Sunday's "shittiest" party — at least as intended and self-proclaimed — should be the cleverly named Shit Show at the TV Lounge (2548 Grand River Ave., Detroit), where 20 DJs and live performers will yank your chain for almost 20 hours, beginning at 3 a.m. and ending the following evening at 10 p.m. Show up to see Downriver's Derek Plaslaiko (now rocking the Bunker in NYC), Boston's Soul Clap, Le Loup (Paris), Spectral's Todd Osborne, Kyle Hall (FXHE/Hyperdub/NonPlus+/Wild Oats) and Darkcube (live). Hot on that party's heels in the same venue comes Resolute, a Vacant and Dumb-Unit Showcase, starting at 11 p.m.
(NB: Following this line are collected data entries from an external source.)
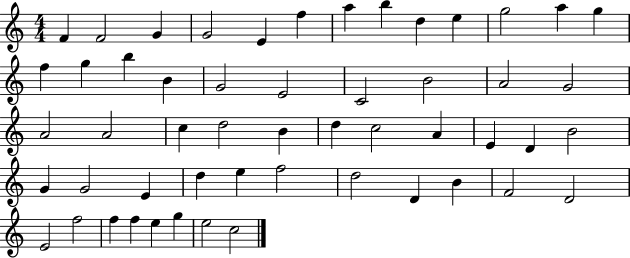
X:1
T:Untitled
M:4/4
L:1/4
K:C
F F2 G G2 E f a b d e g2 a g f g b B G2 E2 C2 B2 A2 G2 A2 A2 c d2 B d c2 A E D B2 G G2 E d e f2 d2 D B F2 D2 E2 f2 f f e g e2 c2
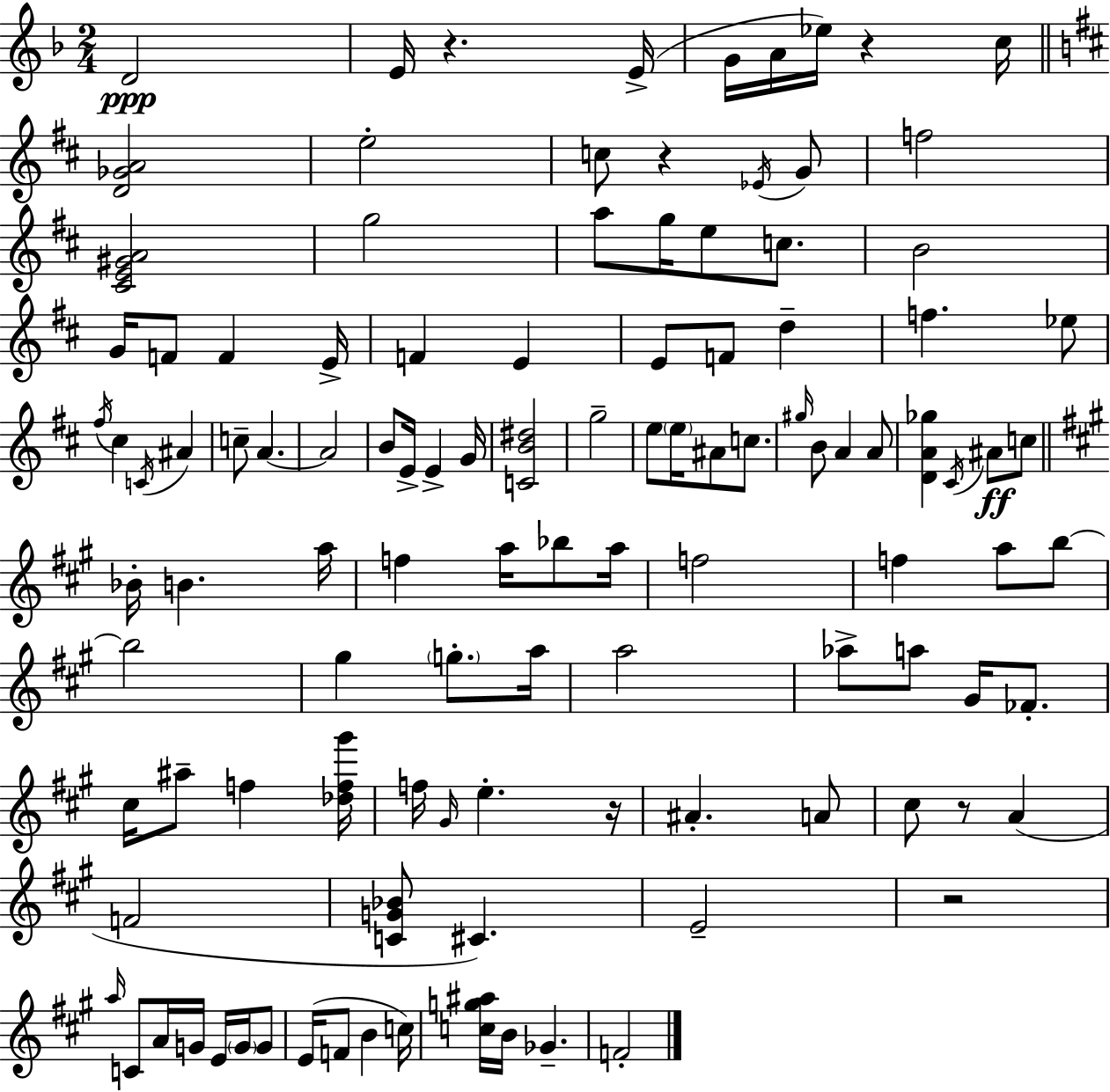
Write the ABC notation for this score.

Performers include Alex Smoke (live), Jeremy P. Caulfield, Dario Zenker, Alexi Delano + Camea and Ghostly's Kate Simko.
Last year's Boat Party was one of the highlights of the 2009 after-party scene. If you could get on the boat, that is. This year's river cruise should be an equally tough ticket, what with Ricardo Villalobos on board. Also adding to the high demand of the cruise will be performances by Carl Craig, Stacey Pullen and Panoramabar's Cassy. Details including departure time, cost of tickets and how to get them can be found at: tinyurl.com/38v53g6. Good luck and bon voyage!
If you'd prefer to do your partying on land, however, a lovely alternative is Moodymann's Soul Skate at the Northland Roller Skating Center (22311 W. Eight Mile Rd., Detroit). Free soul food is included with the $15 admission. Can't beat that, baby.
But are there any parties on Monday? Of course, there are parties in Detroit on Monday! Need I Say More Part 5 returns to the scene of earlier crimes at the Old Miami (3930 Cass Ave., Detroit). Party favors will be provided by Ryan Crosson, Shaun Reeves, Matt Toffrey, Masomenos, Bill Patrick, Troxler and Lee Curtiss. It's $10. Then back at the Works, check in on Fuk the Aristocrats, starring Bryan Zentz, John Selway, Dustin Zahn, Drumcell, Phoenicia, Kero vs. Corbin and more. If you still have $20 in your pocket, go for it. What else do you have to do on a Tuesday anyway?
Last but surely not least, disco-punk hippies will be delighted to hear that DJ Harvey is in town to mix it up at the TV Lounge. He's likely to play anything, especially if it's on his own Black Cock Records, which began issuing pirate productions and edits way back in 1995. (P.S. Some of those records are available at Detroit Threads (10238 Joseph Campau, Hamtramck) which has extended hours all weekend and will host special in-store DJ guests, including Pirahnahead, the Blackman, Aaron-Carl, Andy Garcia and more still to be announced. Best of all: It's free, man.)